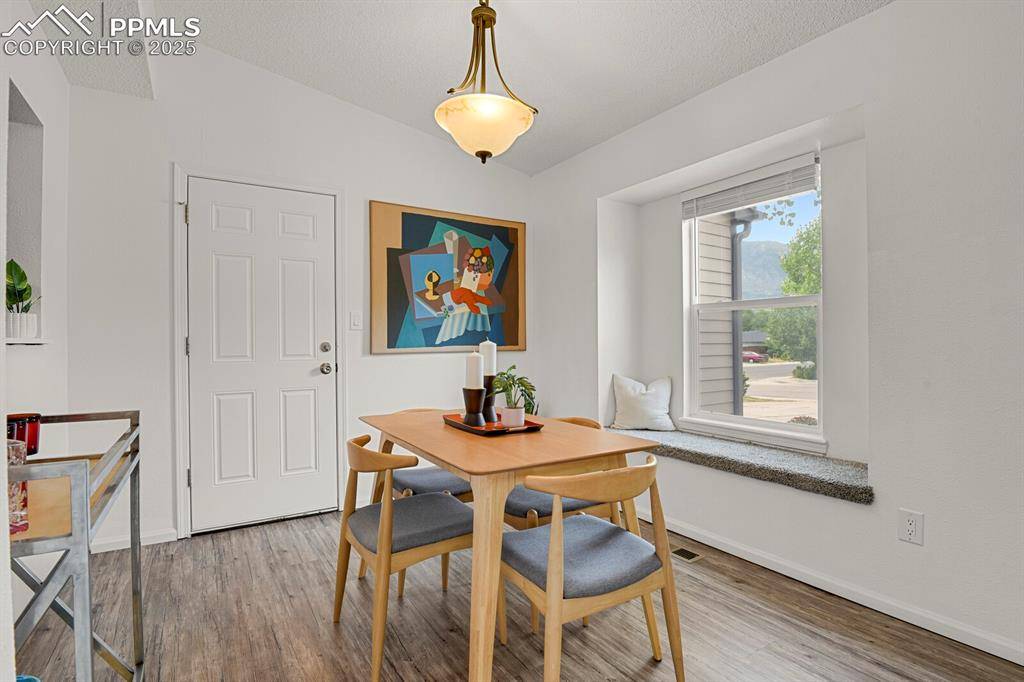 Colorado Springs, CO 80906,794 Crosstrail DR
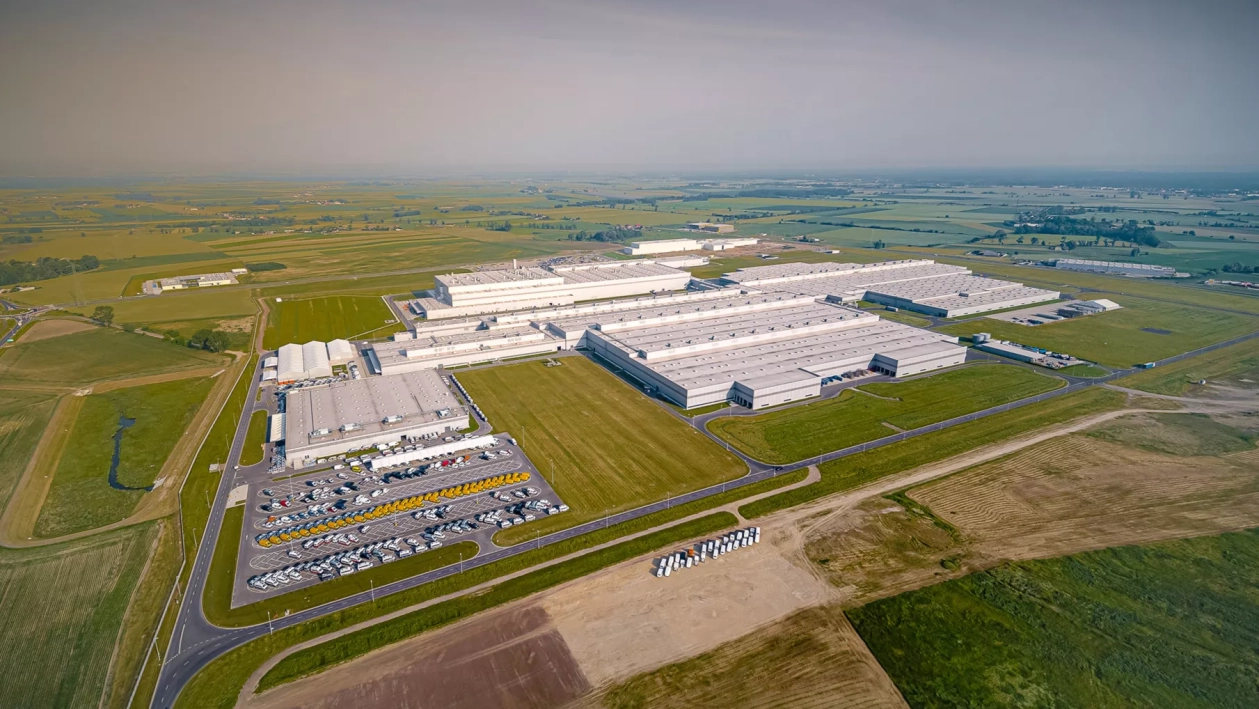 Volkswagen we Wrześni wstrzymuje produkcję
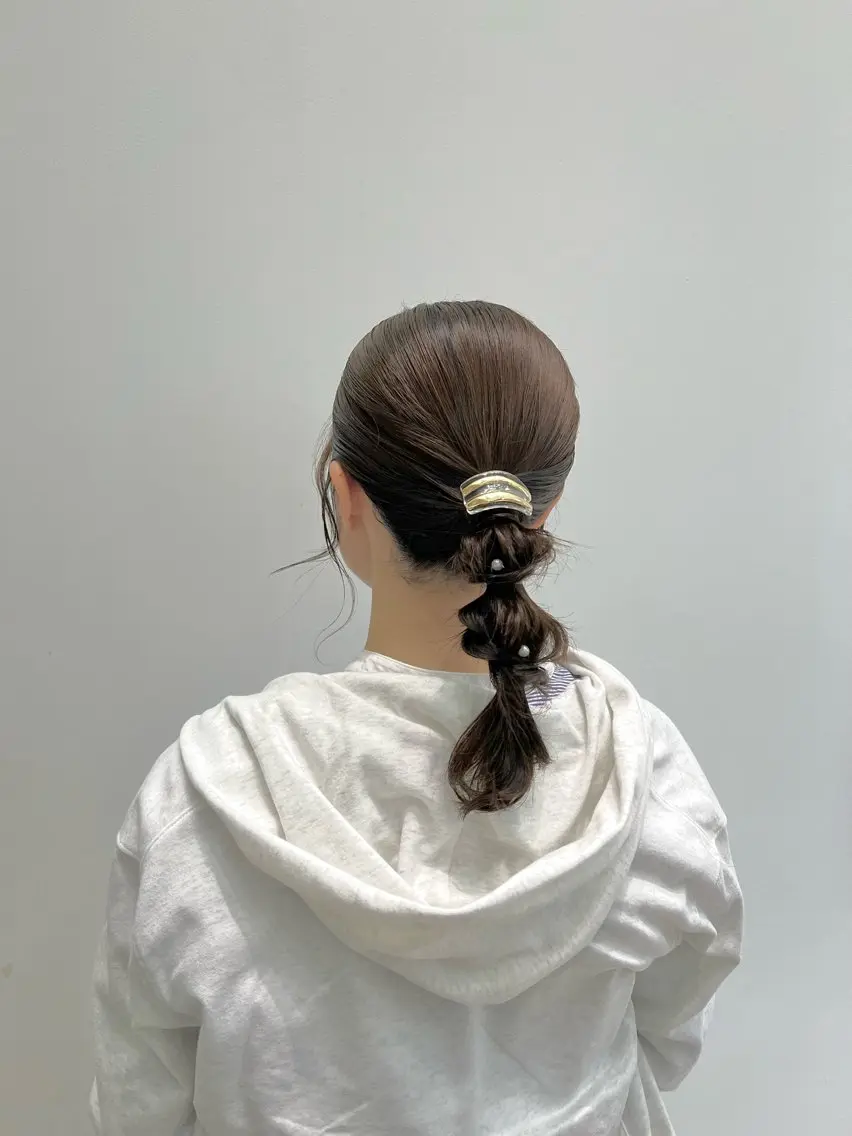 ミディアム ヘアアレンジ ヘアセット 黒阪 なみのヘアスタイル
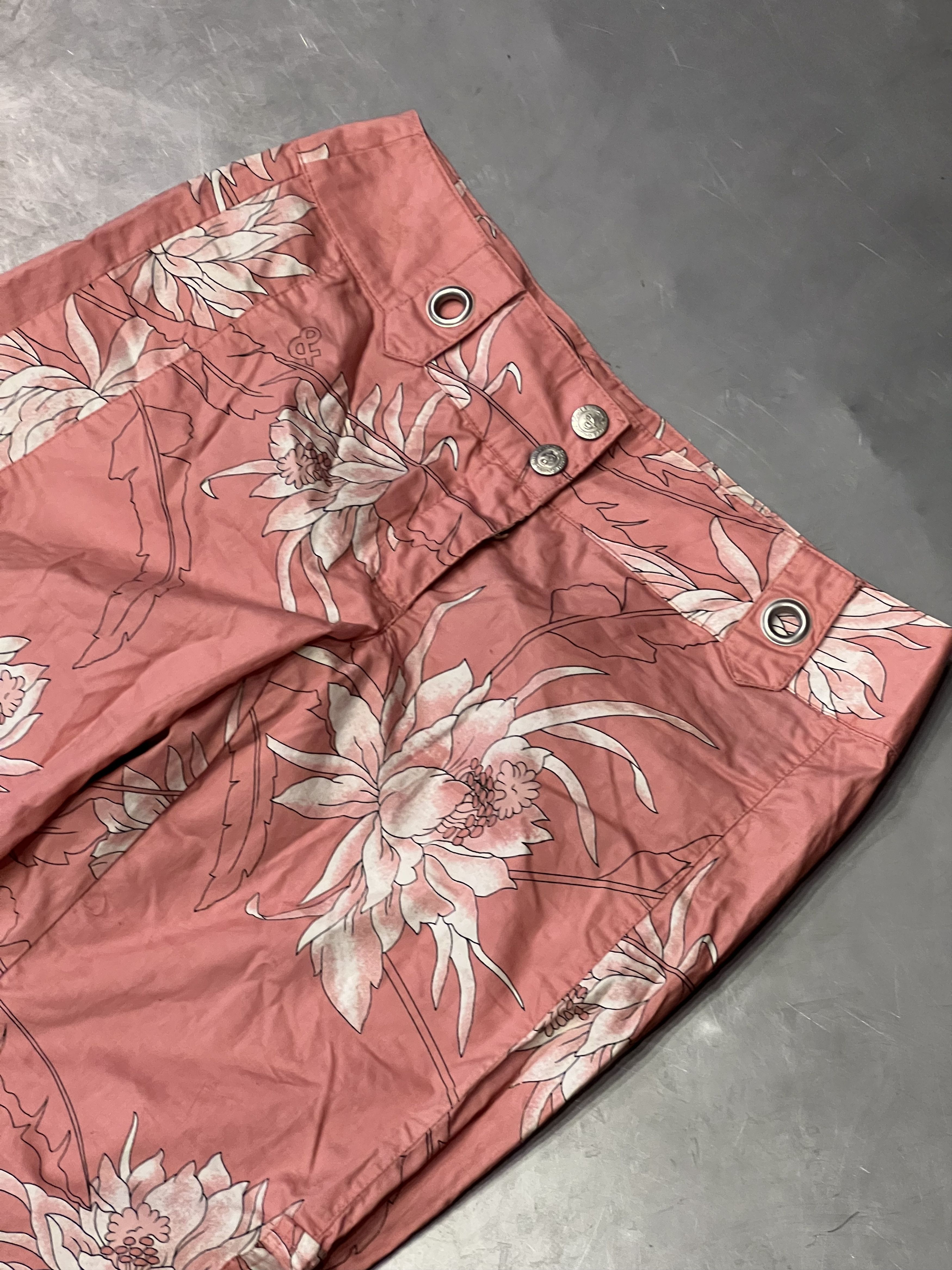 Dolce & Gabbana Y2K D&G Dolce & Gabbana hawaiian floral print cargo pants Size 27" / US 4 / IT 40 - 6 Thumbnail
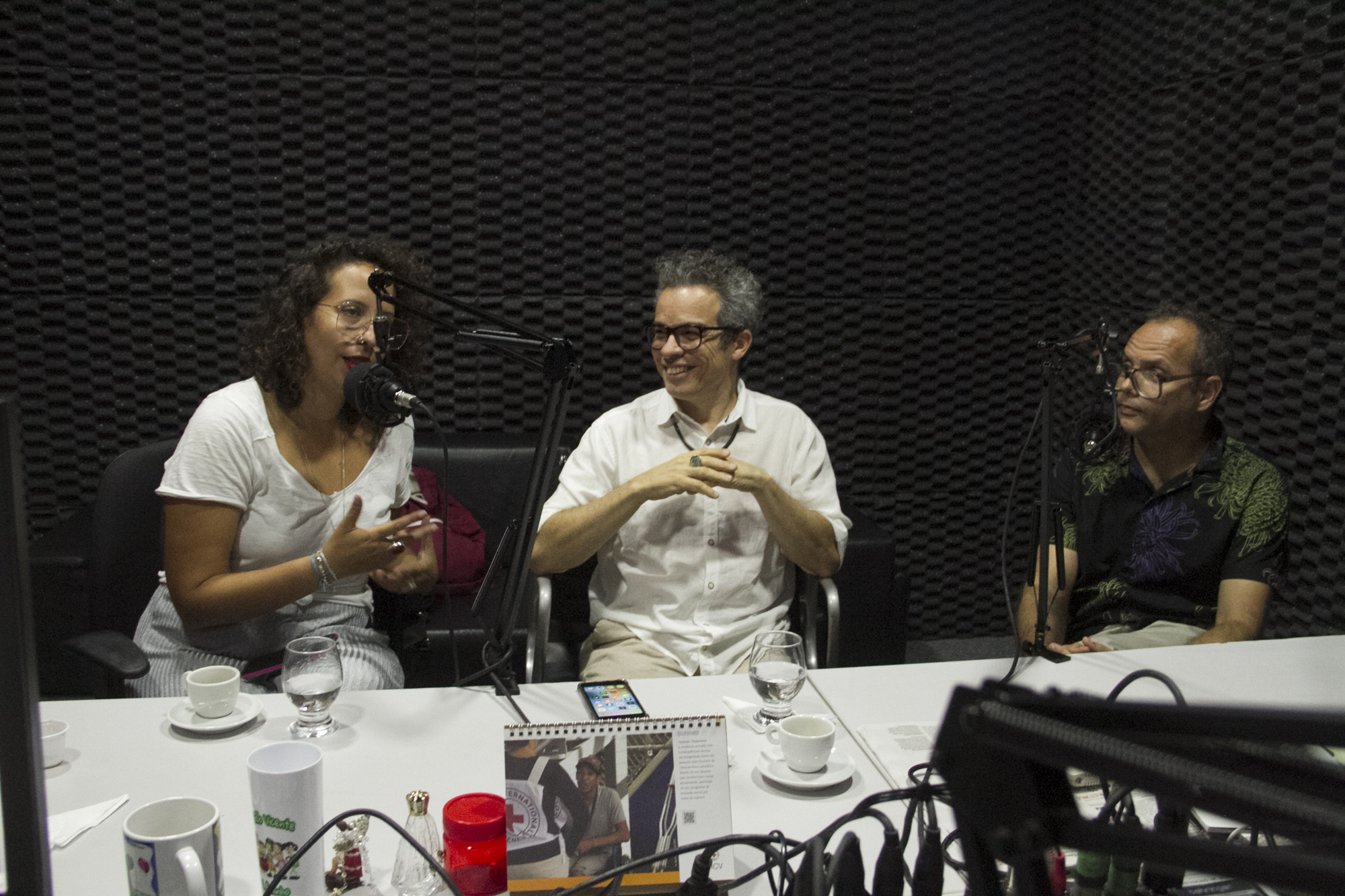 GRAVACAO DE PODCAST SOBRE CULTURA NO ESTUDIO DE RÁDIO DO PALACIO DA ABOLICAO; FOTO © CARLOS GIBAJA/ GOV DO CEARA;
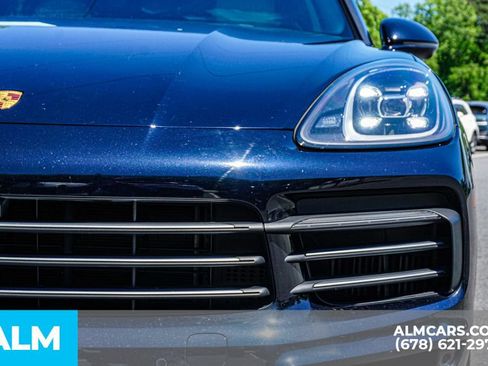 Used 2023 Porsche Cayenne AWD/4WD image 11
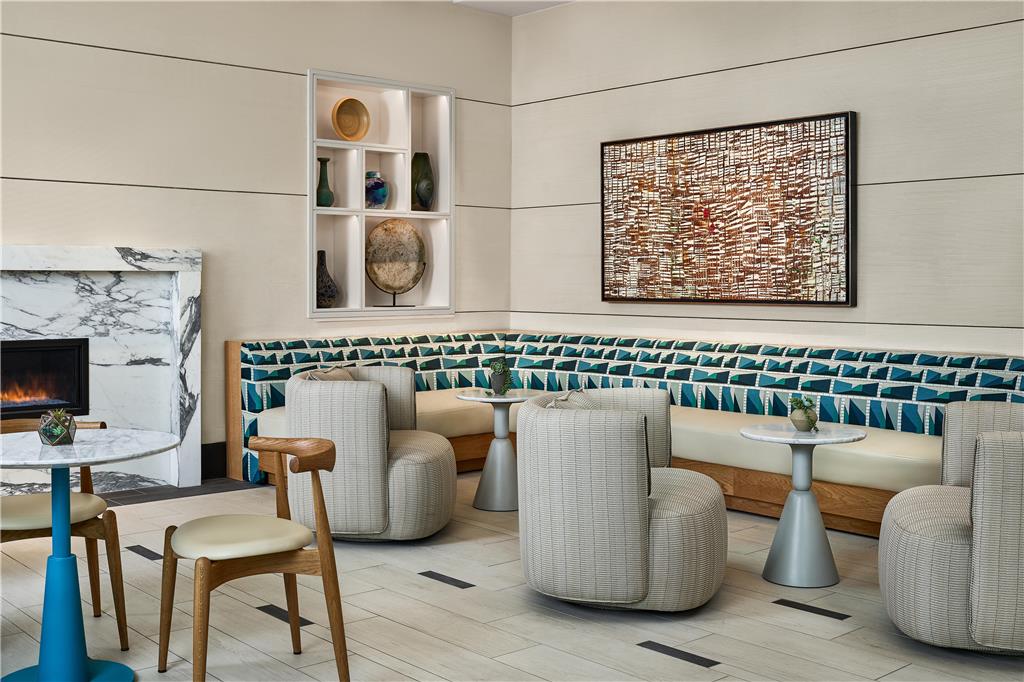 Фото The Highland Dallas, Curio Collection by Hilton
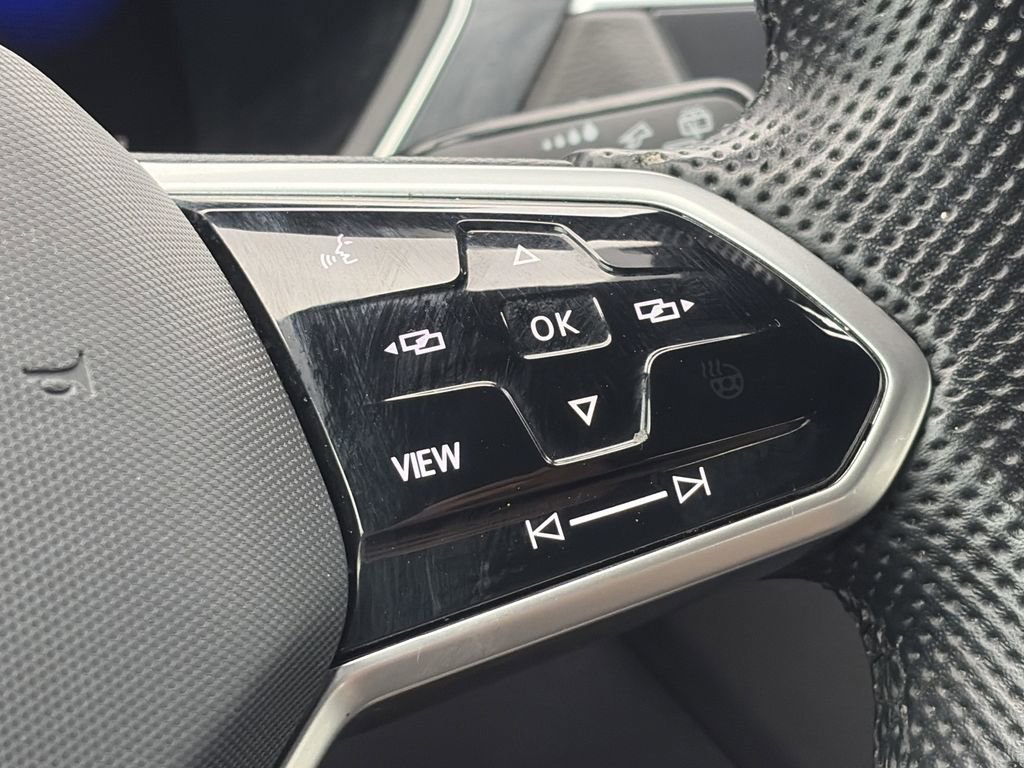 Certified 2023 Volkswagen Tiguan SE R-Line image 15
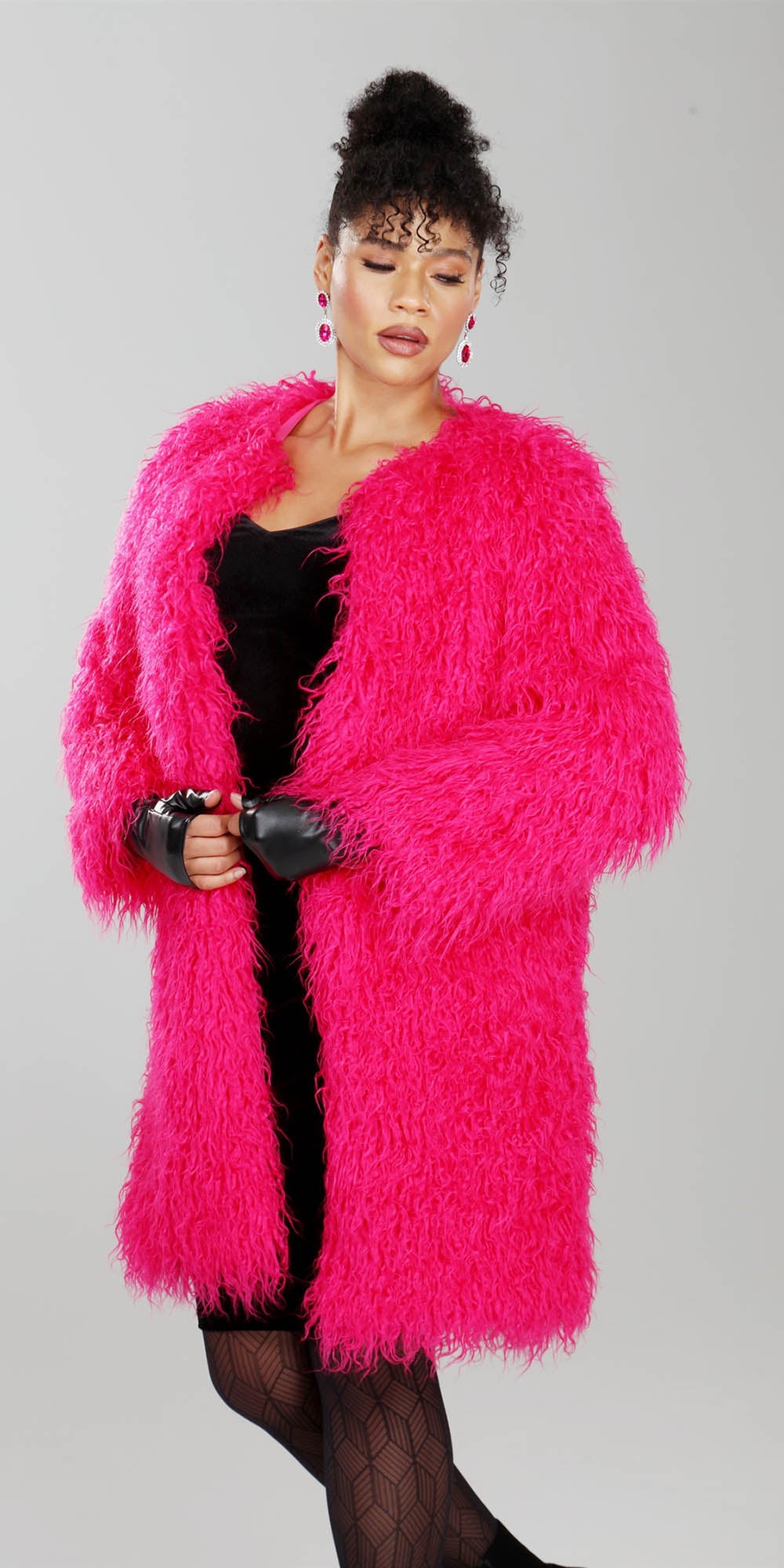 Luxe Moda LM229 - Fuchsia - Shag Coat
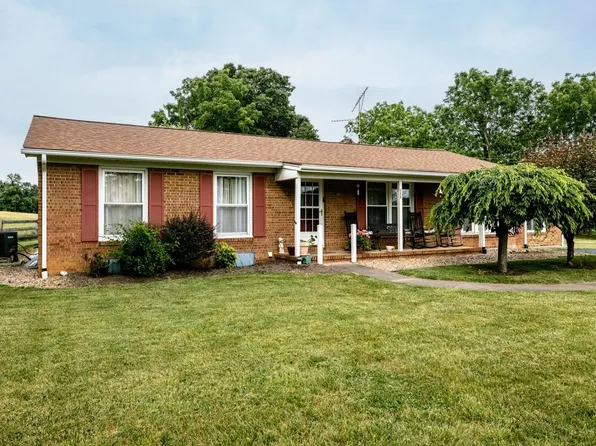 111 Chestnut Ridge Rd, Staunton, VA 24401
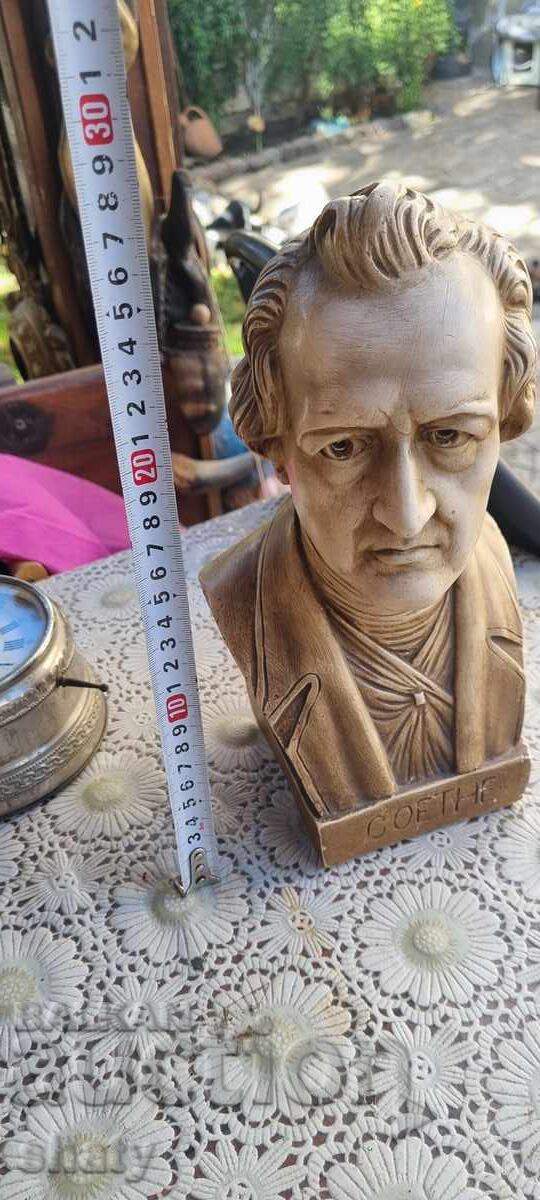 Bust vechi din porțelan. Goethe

○ ○ ○ ○ ○ ○ ○

= The task =
Reproduce exactly the lines above from the one with "Volkswagen we Wrześni wstrzymuje produkcję" through the last line of the data, keeping both ends and dropping the pictures.

= Exercise answer =
 Volkswagen we Wrześni wstrzymuje produkcję
 ミディアム ヘアアレンジ ヘアセット 黒阪 なみのヘアスタイル
 Dolce & Gabbana Y2K D&G Dolce & Gabbana hawaiian floral print cargo pants Size 27" / US 4 / IT 40 - 6 Thumbnail
 GRAVACAO DE PODCAST SOBRE CULTURA NO ESTUDIO DE RÁDIO DO PALACIO DA ABOLICAO; FOTO © CARLOS GIBAJA/ GOV DO CEARA;
 Used 2023 Porsche Cayenne AWD/4WD image 11
 Фото The Highland Dallas, Curio Collection by Hilton
 Certified 2023 Volkswagen Tiguan SE R-Line image 15
 Luxe Moda LM229 - Fuchsia - Shag Coat
 111 Chestnut Ridge Rd, Staunton, VA 24401
 Bust vechi din porțelan. Goethe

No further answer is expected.